» Work order: Images are to be excluded, and the rest of the data repeated exactly.

» Data section:

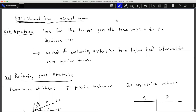Welcome to Game Theory. This is Section 24: Normal Form of General Games. A strategy in a general game looks for the longest possible time horizon for the decision tree. When looking for a strategy, you want the best possible move combination for the longest possible point in the game. We'll look at a method of condensing game tree information into a tabular form — the normal form.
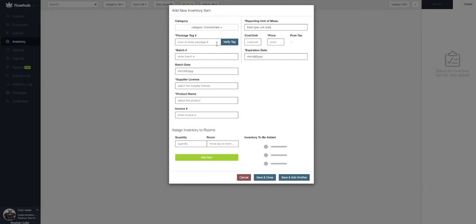The first required field is our package tag number. If you're in a metric state, this will be required for reporting your sales to metric. If you're not in a metric state, we can leave this field blank. In this case, I'm going to add a package tag in this field.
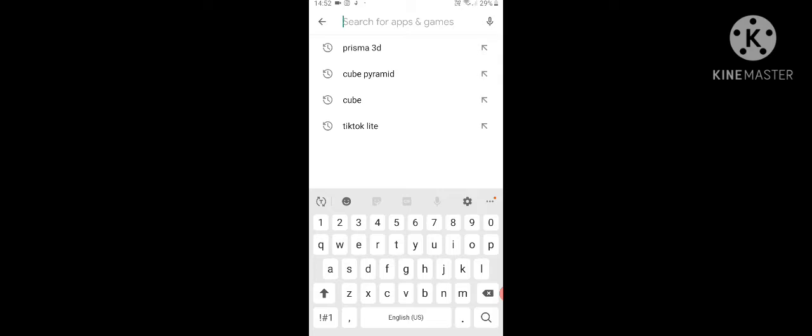First, I will show you how to install the Prisma 3D menu.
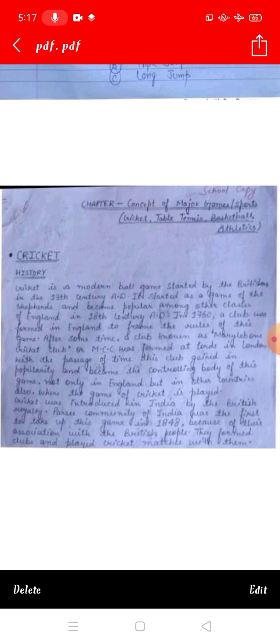In 1760, a club was formed in England to frame the rules of this game. In 1860, a club named Marylebone Cricket Club — in short, called MCC — was formed in London. When cricket games were played, they became very popular.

» Worked solution:
Welcome to Game Theory. This is Section 24: Normal Form of General Games. A strategy in a general game looks for the longest possible time horizon for the decision tree. When looking for a strategy, you want the best possible move combination for the longest possible point in the game. We'll look at a method of condensing game tree information into a tabular form — the normal form.
The first required field is our package tag number. If you're in a metric state, this will be required for reporting your sales to metric. If you're not in a metric state, we can leave this field blank. In this case, I'm going to add a package tag in this field.
First, I will show you how to install the Prisma 3D menu.
In 1760, a club was formed in England to frame the rules of this game. In 1860, a club named Marylebone Cricket Club — in short, called MCC — was formed in London. When cricket games were played, they became very popular.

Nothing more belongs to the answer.